On note en particulier le dôme dit « florentin » qui surmonte le chœur de l’église, rareté dans la région, qui présente de surcroît la particularité d’être établi sur une base ovale, comme à l’église de la Charité que Marseille doit à Pierre Puget. Pendant la Révolution, le fonctionnement de l’église fut interrompu de 1792 à 1804. A l’issue de cette période troublée, dont les moines de Montrieux eurent beaucoup à pâtir, un certain nombre d’objets furent attribués à l’église de Belgentier : la chaire (sculptée par Reboul, de Marseille), les stalles du chœur, le grand crucifix et deux tableaux (Saint Bruno, fondateur de l’ordre des chartreux et Sainte Roseline, originaire des Arcs).

Un autel en pierre provenant également de la Chartreuse fut installé à Belgentier ; il fut rétrocédé à la Chartreuse au XXe siècle, en échange d’un autel en bois doré. Une restauration importante a eu lieu en 1875. L’église est inscrite à l’inventaire supplémentaire des monuments historiques.

 

Histoire de Saint Maur

Maur naquit à Rome en 512 dans une famille patricienne et, à l’âge de 12 ans, fut confié par ses parents à un moine appelé Benoît (plus tard saint Benoît) pour qu’il poursuive son instruction et son éducation. Plus tard, l’adolescent décida de choisir lui aussi la voie monastique et devint le disciple de Benoît, dans l’austérité et la mortification. Il suivit Benoît au monastère du mont Cassin, fondé en 529, où il vécut en odeur de sainteté et fit des miracles.

On raconte une anecdote qui se passe à Subiaco : un jeune novice appelé Plécide tombe dans un lac en y puisant de l’eau et Maur lui porte secours au moment où il se noie. Mais Maur est en train de se noyer à son tour quand Benoît, de sa cellule, lui donne l’ordre de saisir Plécide par les cheveux et de courir sans s’enfoncer dans la vase pour le ramener au rivage. Tous deux seront sauvés.

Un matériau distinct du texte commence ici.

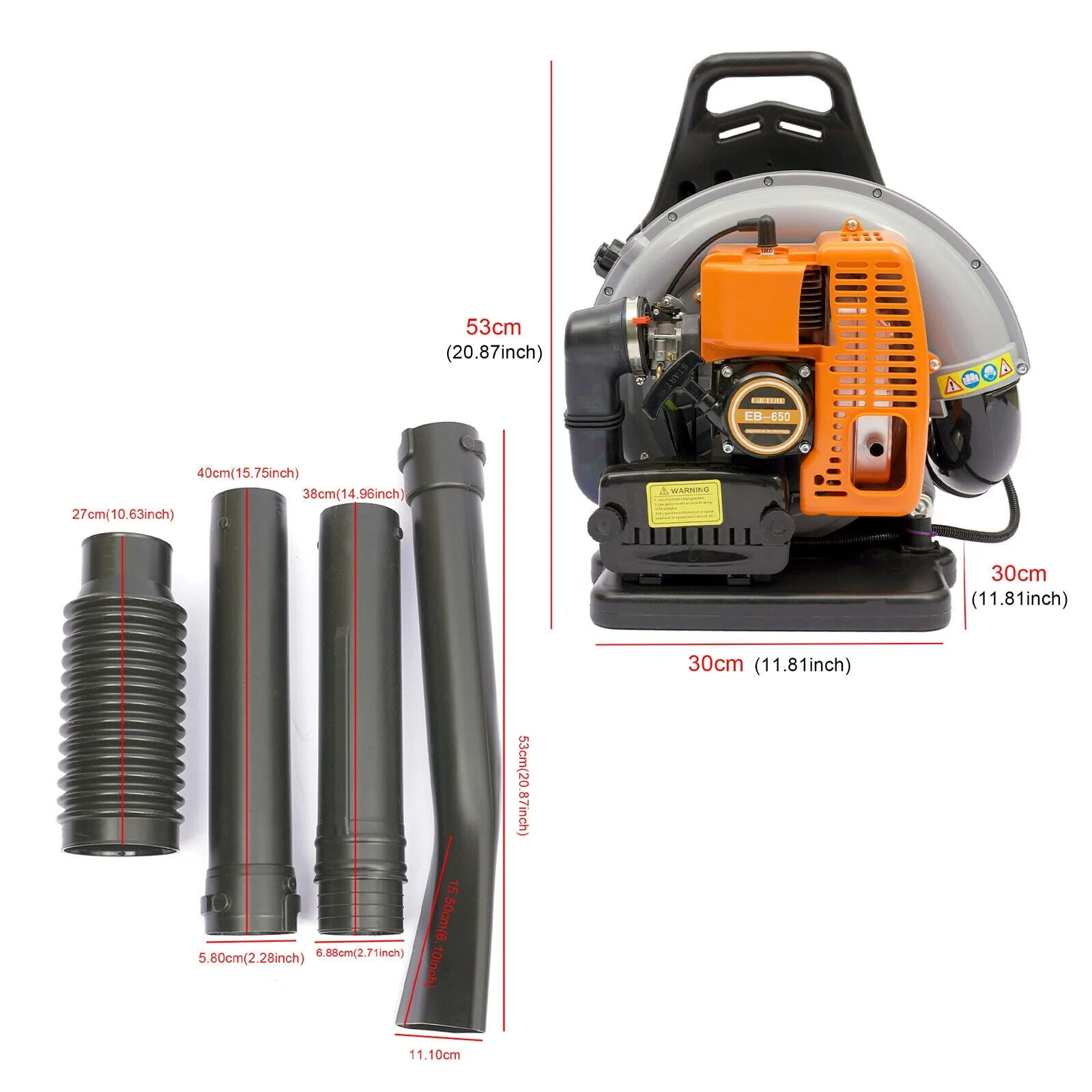 Miumaeov 63CC 2-Stroke Backpack Leaf Blower Gas Powered Backpack Grass Lawn Blower Leaf Blowers for Yard Road Cleaning Garden Lawn Care Tools - Image 2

En 542 l’évêque du Mans demanda à Benoît de lui envoyer quelques moines pour fonder un monastère dans son diocèse. Maur fut désigné pour être le prieur de la nouvelle communauté, qui s’installa à Glanfeuil sur les bords de la Loire.
Maur, abbé de Glanfeuil (ou Saint-Maur sur Loire), mourut de la peste en 584 dans cette abbaye, où se trouve le tombeau où il fut inhumé ; plus tard, vers 868, ses restes mortels menacés par les incursions vikings auraient été transférés à l’abbaye des Fossés (aujourd’hui Saint-Maur des Fossés dans le Val de Marne).

Dans cette abbaye les miracles dus à son intercession (il fait pleuvoir et guérit de la goutte) rendirent célèbre le pèlerinage aux Fossés situé à la date du 15 janvier, et l’abbaye devint « Saint-Maur des Fossés ».